WHAT YOU ARE ASKED TO DO
Exclude the pictures, then copy word for word the lines running from the beginning of the records through the line with "Let us try to".

Stored entries

-- Opening Marker --

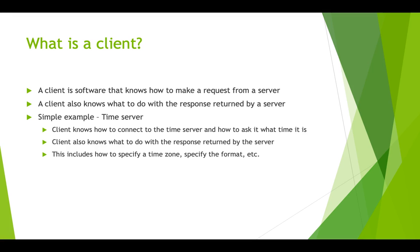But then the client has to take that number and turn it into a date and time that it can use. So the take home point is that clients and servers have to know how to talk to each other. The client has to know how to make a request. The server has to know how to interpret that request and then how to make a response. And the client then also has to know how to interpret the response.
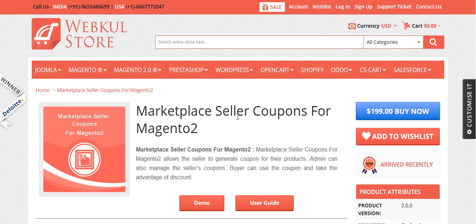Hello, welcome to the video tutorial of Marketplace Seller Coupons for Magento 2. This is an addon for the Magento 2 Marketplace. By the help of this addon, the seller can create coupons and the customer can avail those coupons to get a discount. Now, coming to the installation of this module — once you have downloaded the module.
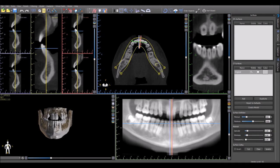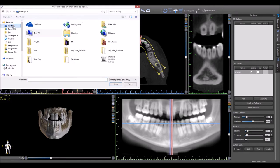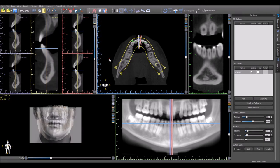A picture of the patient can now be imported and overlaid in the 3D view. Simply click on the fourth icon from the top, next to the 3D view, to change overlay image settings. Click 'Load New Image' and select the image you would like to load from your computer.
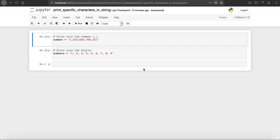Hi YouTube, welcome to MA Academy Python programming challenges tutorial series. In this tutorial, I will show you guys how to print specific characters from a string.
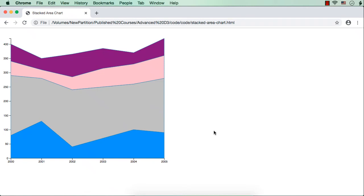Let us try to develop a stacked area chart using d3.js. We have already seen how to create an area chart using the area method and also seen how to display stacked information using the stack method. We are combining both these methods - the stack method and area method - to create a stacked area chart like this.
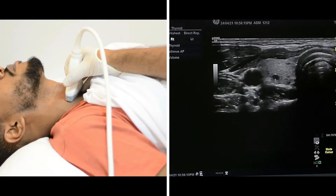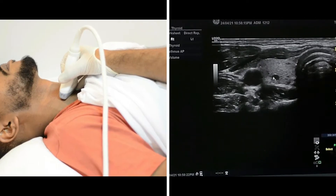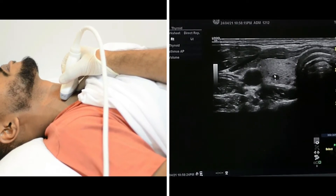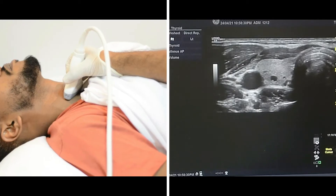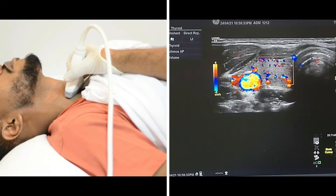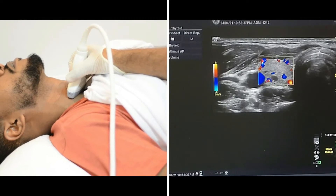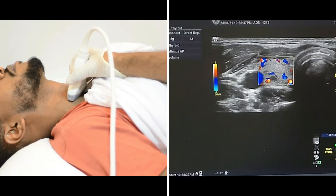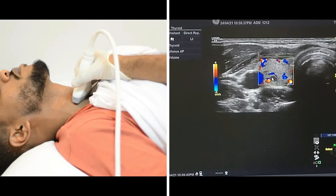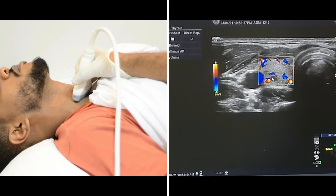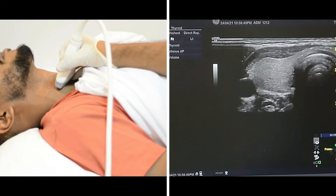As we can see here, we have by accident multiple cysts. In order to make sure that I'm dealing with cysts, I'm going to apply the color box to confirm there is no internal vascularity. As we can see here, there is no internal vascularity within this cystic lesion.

-- Closing Marker --

EXERCISE OUTPUT
But then the client has to take that number and turn it into a date and time that it can use. So the take home point is that clients and servers have to know how to talk to each other. The client has to know how to make a request. The server has to know how to interpret that request and then how to make a response. And the client then also has to know how to interpret the response.
Hello, welcome to the video tutorial of Marketplace Seller Coupons for Magento 2. This is an addon for the Magento 2 Marketplace. By the help of this addon, the seller can create coupons and the customer can avail those coupons to get a discount. Now, coming to the installation of this module — once you have downloaded the module.
A picture of the patient can now be imported and overlaid in the 3D view. Simply click on the fourth icon from the top, next to the 3D view, to change overlay image settings. Click 'Load New Image' and select the image you would like to load from your computer.
Hi YouTube, welcome to MA Academy Python programming challenges tutorial series. In this tutorial, I will show you guys how to print specific characters from a string.
Let us try to develop a stacked area chart using d3.js. We have already seen how to create an area chart using the area method and also seen how to display stacked information using the stack method. We are combining both these methods - the stack method and area method - to create a stacked area chart like this.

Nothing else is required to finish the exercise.